- [Your assignment]: Below are records with pictures in them. Transcribe everything from the line containing "BIISDOST Sexy femmes" down to the line containing "eyekeeper.com Blue Light", exactly, and leave the pictures behind.

- [Material for the task]:
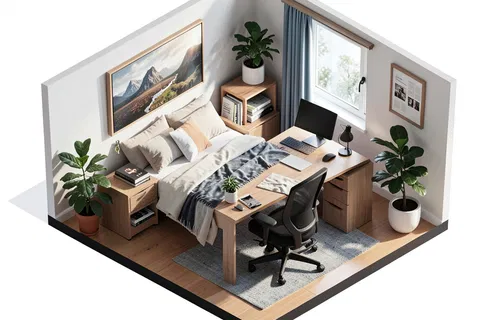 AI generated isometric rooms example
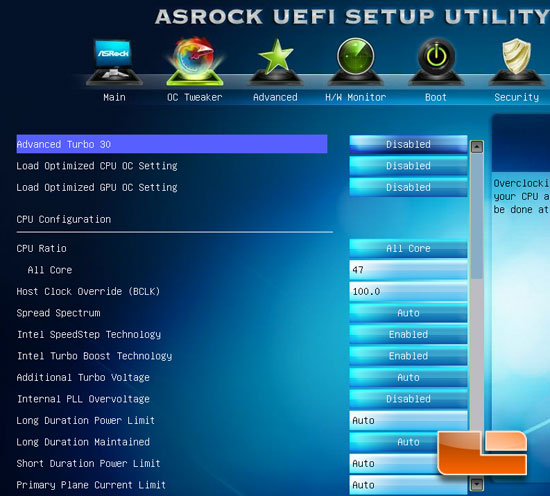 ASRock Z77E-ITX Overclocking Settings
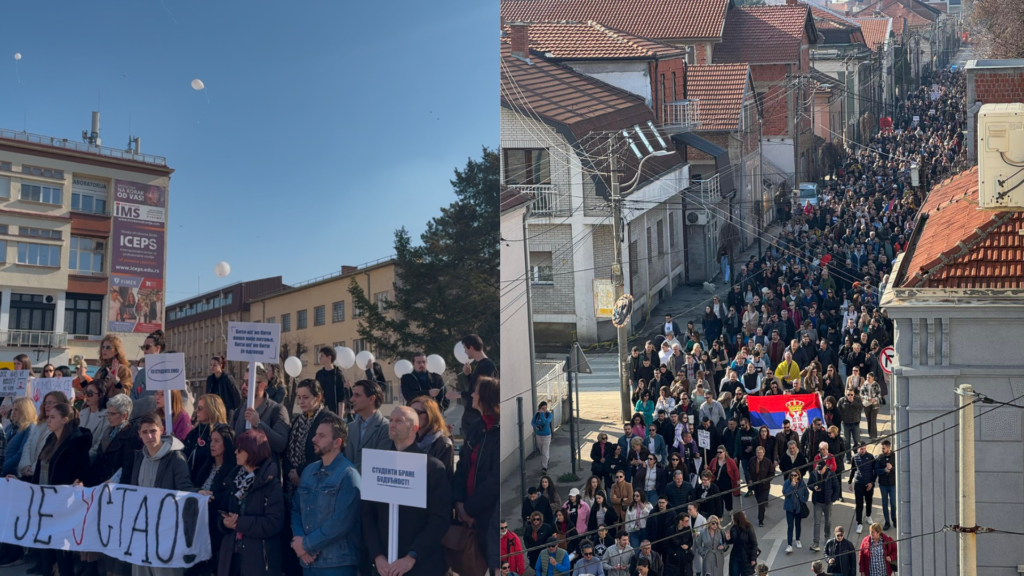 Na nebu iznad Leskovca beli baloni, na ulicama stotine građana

==

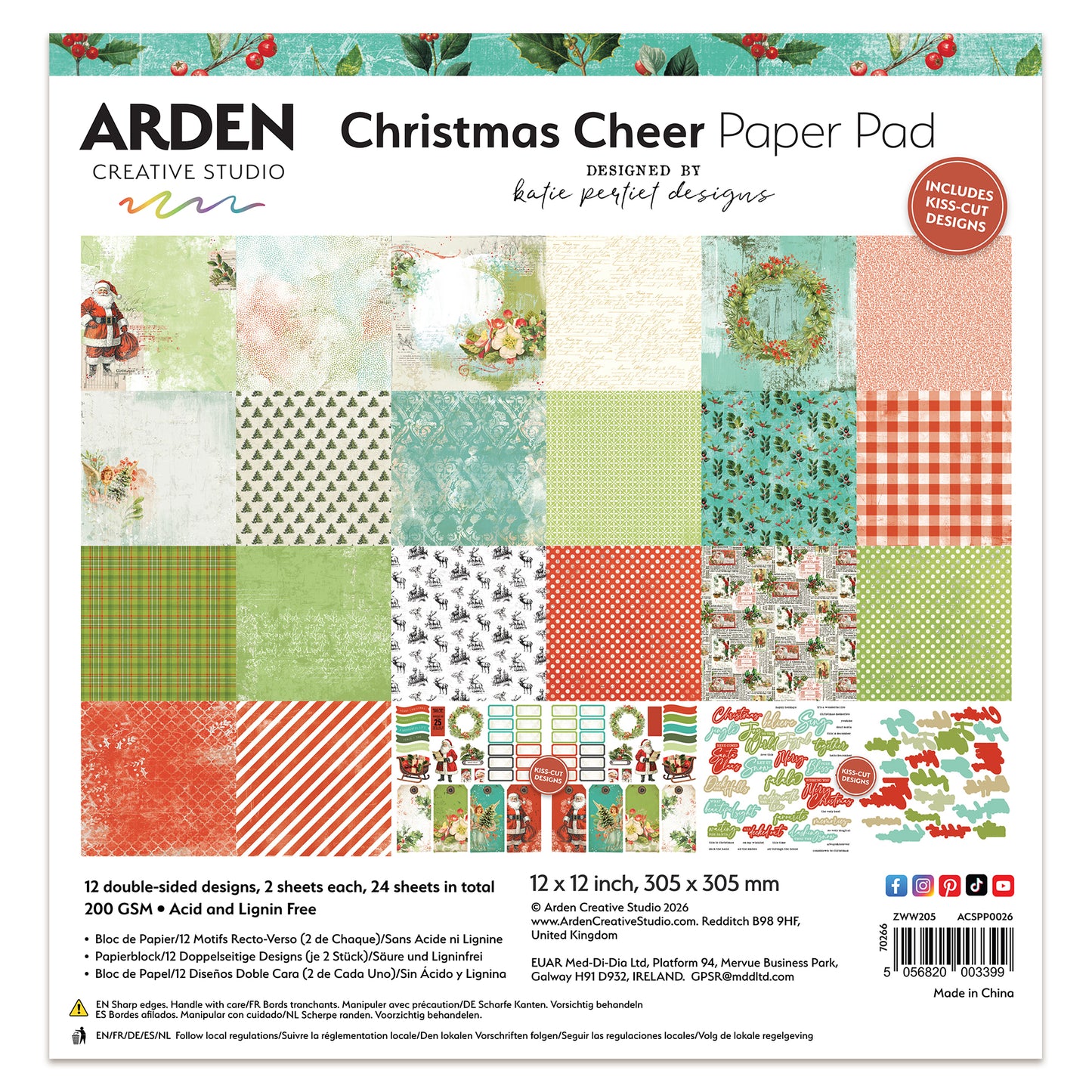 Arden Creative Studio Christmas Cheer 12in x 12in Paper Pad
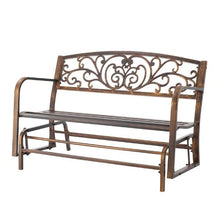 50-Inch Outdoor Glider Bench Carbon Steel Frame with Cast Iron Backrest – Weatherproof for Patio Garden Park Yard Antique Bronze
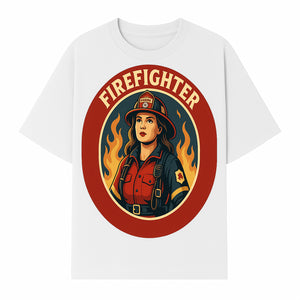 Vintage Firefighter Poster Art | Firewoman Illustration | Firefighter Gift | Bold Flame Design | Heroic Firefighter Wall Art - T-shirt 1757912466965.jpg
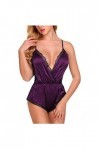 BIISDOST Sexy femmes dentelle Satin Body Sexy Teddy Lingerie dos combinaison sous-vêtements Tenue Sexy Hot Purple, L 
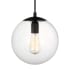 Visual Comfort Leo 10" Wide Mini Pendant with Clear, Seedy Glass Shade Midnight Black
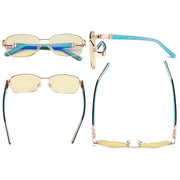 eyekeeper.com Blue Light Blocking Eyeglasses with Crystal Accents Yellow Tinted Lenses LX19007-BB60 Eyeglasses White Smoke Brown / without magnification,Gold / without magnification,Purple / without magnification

* * *

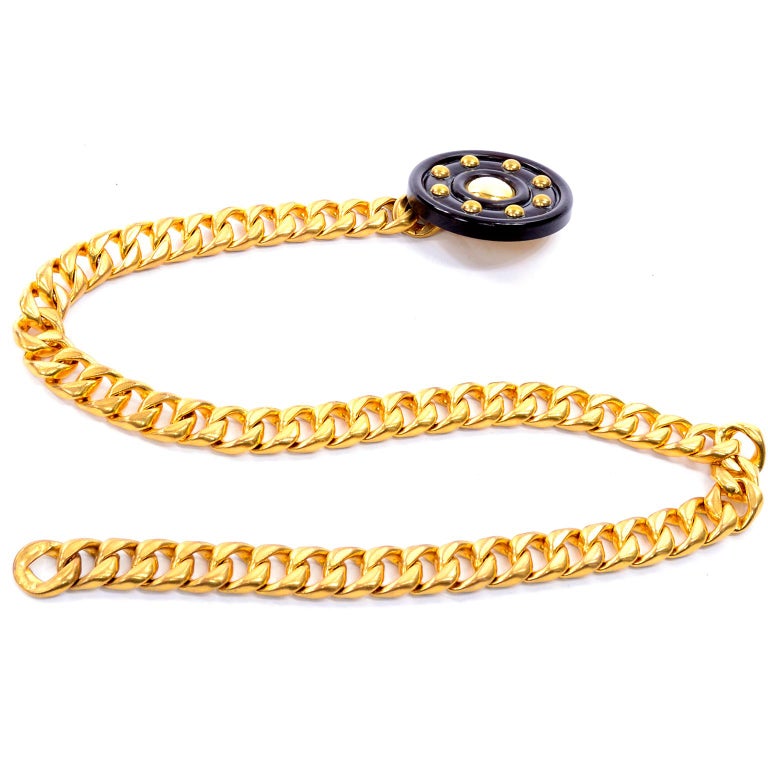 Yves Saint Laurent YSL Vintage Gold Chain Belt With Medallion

- [Task answer]:
 BIISDOST Sexy femmes dentelle Satin Body Sexy Teddy Lingerie dos combinaison sous-vêtements Tenue Sexy Hot Purple, L 
 Visual Comfort Leo 10" Wide Mini Pendant with Clear, Seedy Glass Shade Midnight Black
 eyekeeper.com Blue Light Blocking Eyeglasses with Crystal Accents Yellow Tinted Lenses LX19007-BB60 Eyeglasses White Smoke Brown / without magnification,Gold / without magnification,Purple / without magnification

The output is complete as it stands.